- Nigeria May Begin Mass Exportation of Fertilizers
The Chairman, Fertilizer Producers and Suppliers Association of Nigeria, Mr. Thomas Etuh, has said that Nigeria will be in a position to export fertilizer within the next two years if current gains of the Presidential Fertilizer Initiative were sustained.
Already, Etuh said the country was currently selling the important agro input to some of its neighbours such as Benin Republic, Chad, Cameroon and Niger Republic, a development that could help restore Nigeria’s position as the food basket of the West African sub region.
The export opportunity from fertilizer, he stressed, would be made possible by the increased local production of fertilizer that had ramped up from a mere 500,000 metric tonnes pre-2015 to close to two million metric tonnes currently.
Etuh, who made this known in a statement, commended President, Muhammadu Buhari for initiating the PFI, which he said had helped farmers access the critical agricultural input at affordable prices, thereby reducing their overheads, boosting yields and encouraging more players to invest in the agriculture value chain.
He said, “Before the conceptualisation and activation of the PFI, we had a situation where there were 32 fertilizer blending plants in Nigeria that were moribund.

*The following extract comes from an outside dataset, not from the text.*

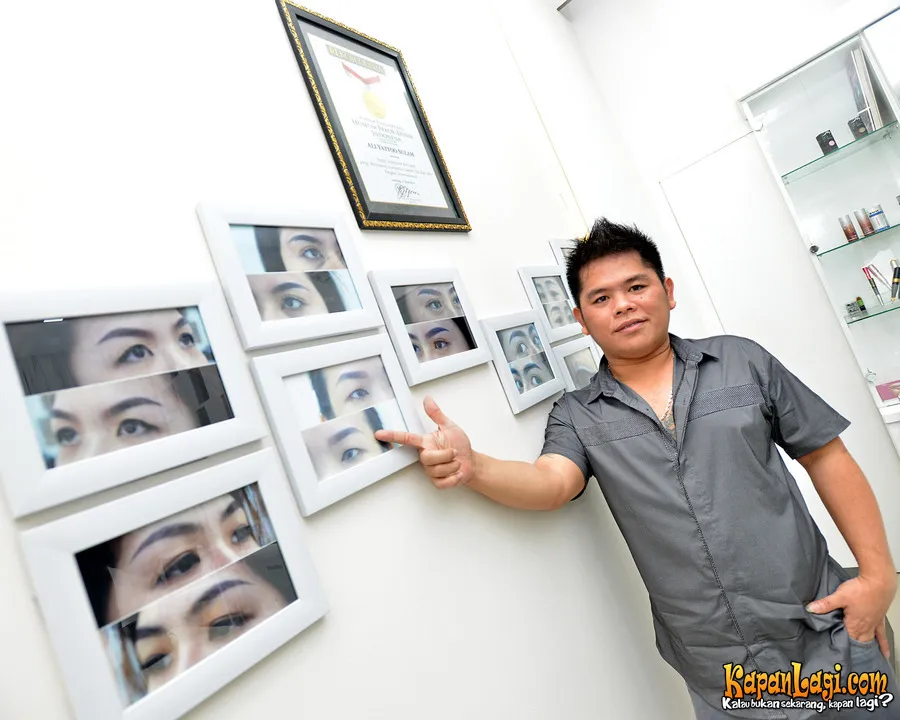 Dengan hasil seperti ini, siapa yang nggak mau coba sulam alis? @ KapanLagi.com®/Bambang E Ros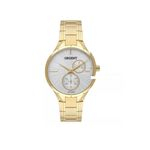 Relógio Orient Feminino Fgssm066 S1kx Multifunção Dourado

Out of this number, only five blending plants were functional and even then, they were producing at 10 per cent capacity on the average and that was because of the emphasis on importation. This also meant that we were exporting our jobs even when we cannot provide jobs here in Nigeria. Foreign exchange that is scarce is spent building other people’s economies.
“We were lucky that we have a President that has the interest and political will to make a difference and ready to make this initiative work. And those of us in the fertilizer blending industry had no option but to key into this willingness. We were made to understand that beyond the profits necessary for our businesses, it was important for us to see the project as critical to nation building. We were made to appreciate the roles we had to play, first as citizens and then as businesses,” he added.